Une étoile à la haute fenêtre de la tour comme une lampe allumée.

Voyage de nuit dans les montagnes jusqu’à Kaiserlautern. Aspects étranges du paysage. Eaux entrevues. On ne sait si ce sont des lacs ou des rivières. J’aperçois sur les collines dans les broussailles, dans l’ombre, des ruines hideuses et bizarres, de vieux châteaux écroulés et déformés par le lierre, habités par des spectres, disent les légendes ; la plupart de ces ruines dont on ne sait ni l’âge, ni l’origine, ni l’histoire, portent des noms singuliers dans le pays : Ne grognez pas ! (Murr’ mir nicht viel !). — Ne regardez pas en arrière ! (Schau dich nicht um !). — Un canton de la forêt s’appelle : Ne vous souciez de rien ! (Kehr dich an nichts !).
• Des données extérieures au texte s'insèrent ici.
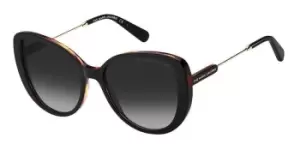 Image of Marc Jacobs Sunglasses MARC 578/S 807/9O
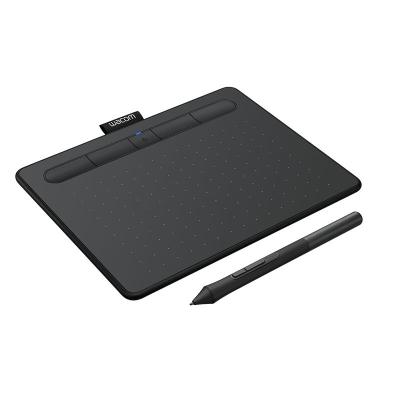 China Wacom Intuos CTL-4100 Computer Graphics Drawing Tablet for sale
Un ciel blafard apparaît à travers les ogives noires. Le vent agite les broussailles sur les tronçons de vieilles tours. Comme les Septs-Monts, ces montagnes ont leur Drachenfels où Sigefroi-le-Cornu assiégea le dragon ; comme Lorch elles ont leur Heidemmaner ( mur des payens), un camp d’Attila sur une colline ; comme le Wisperthal, elles ont leur pierre du diable, leur Tenfelstein, roche percée où les druides faisaient leurs sacrifices. — Là aussi la caverne de Barberousse.


(Raconter la légende[1].)


VIII


Il y a un Rhin que tout le monde connaît ou du moins désire connaître. C’est le Rhin célèbre qui coule de Mayence à Cologne, ou pour parler plus exactement, de Bingen à Kœnigswinter, entre deux murailles de basalte. Mais il y a un autre Rhin qu’aucun voyageur ne côtoie et dont personne ne parle ; c’est celui qui coule du lac de Constance à Bâle entre deux collines de roche calcaire. À mon sens, le Rhin supérieur n’est pas moins beau que le Rhin inférieur. Le Rhin inférieur traverse un bouleversement volcanique, le Rhin supérieur traverse une formation diluvienne. Le Rhin inférieur est plus large, plus vivant, plus superbe, a plus de villes, plus de navires, plus de ruines, plus d’histoire, plus de souvenirs, plus de grandeur. Le Rhin supérieur est plus vert, plus sauvage, plus écumant, tout aussi encaissé ; il n’a pas les ponts de bateaux, mais il a les ponts de bois couverts ; il a l’ombre de la Forêt-Noire, et les quatre villes-forestières, Waldshut, Laufenburg, Sœckingen, Rheinfelden, qui égalent peut-être, sinon en grandeur monu-

  1. Cette légende est racontée dans Les Burgraves, acte I, scène des esclaves.